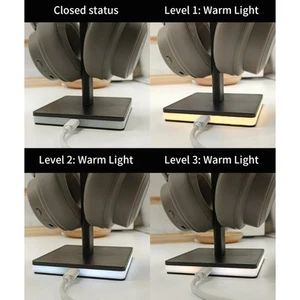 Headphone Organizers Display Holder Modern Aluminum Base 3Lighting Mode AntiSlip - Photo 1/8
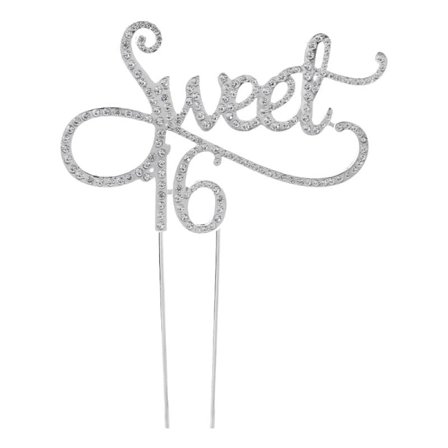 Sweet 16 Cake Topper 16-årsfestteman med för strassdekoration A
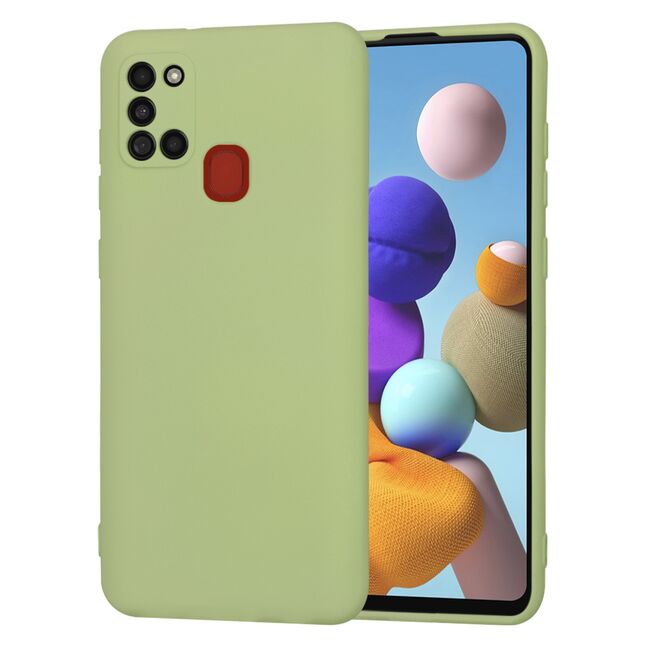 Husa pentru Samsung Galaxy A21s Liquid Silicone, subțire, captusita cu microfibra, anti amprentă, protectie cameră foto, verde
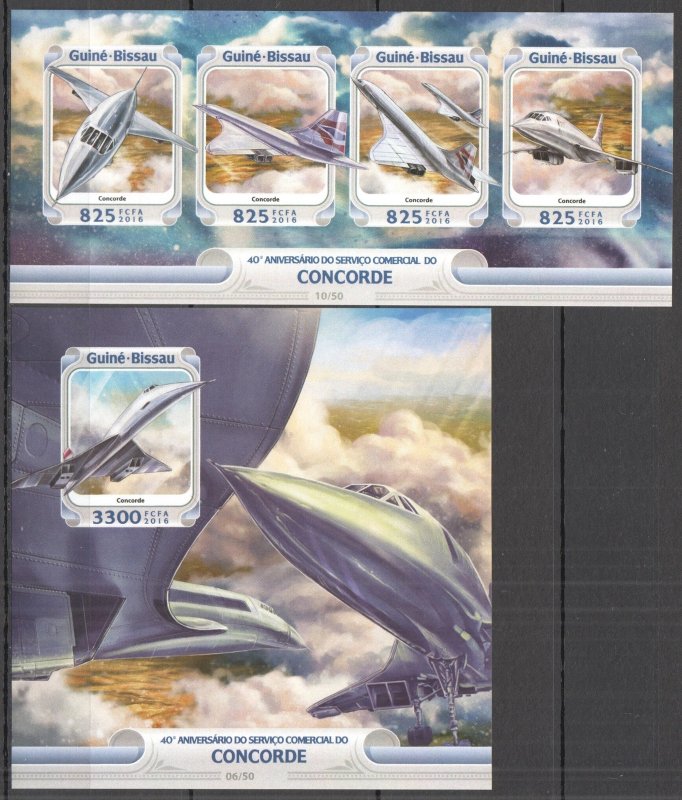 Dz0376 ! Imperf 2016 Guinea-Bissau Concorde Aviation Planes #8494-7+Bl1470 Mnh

□ □ □

Give the data above again, exactly and completely. No pictures go in.

 Headphone Organizers Display Holder Modern Aluminum Base 3Lighting Mode AntiSlip - Photo 1/8
 Sweet 16 Cake Topper 16-årsfestteman med för strassdekoration A
 Husa pentru Samsung Galaxy A21s Liquid Silicone, subțire, captusita cu microfibra, anti amprentă, protectie cameră foto, verde
 Dz0376 ! Imperf 2016 Guinea-Bissau Concorde Aviation Planes #8494-7+Bl1470 Mnh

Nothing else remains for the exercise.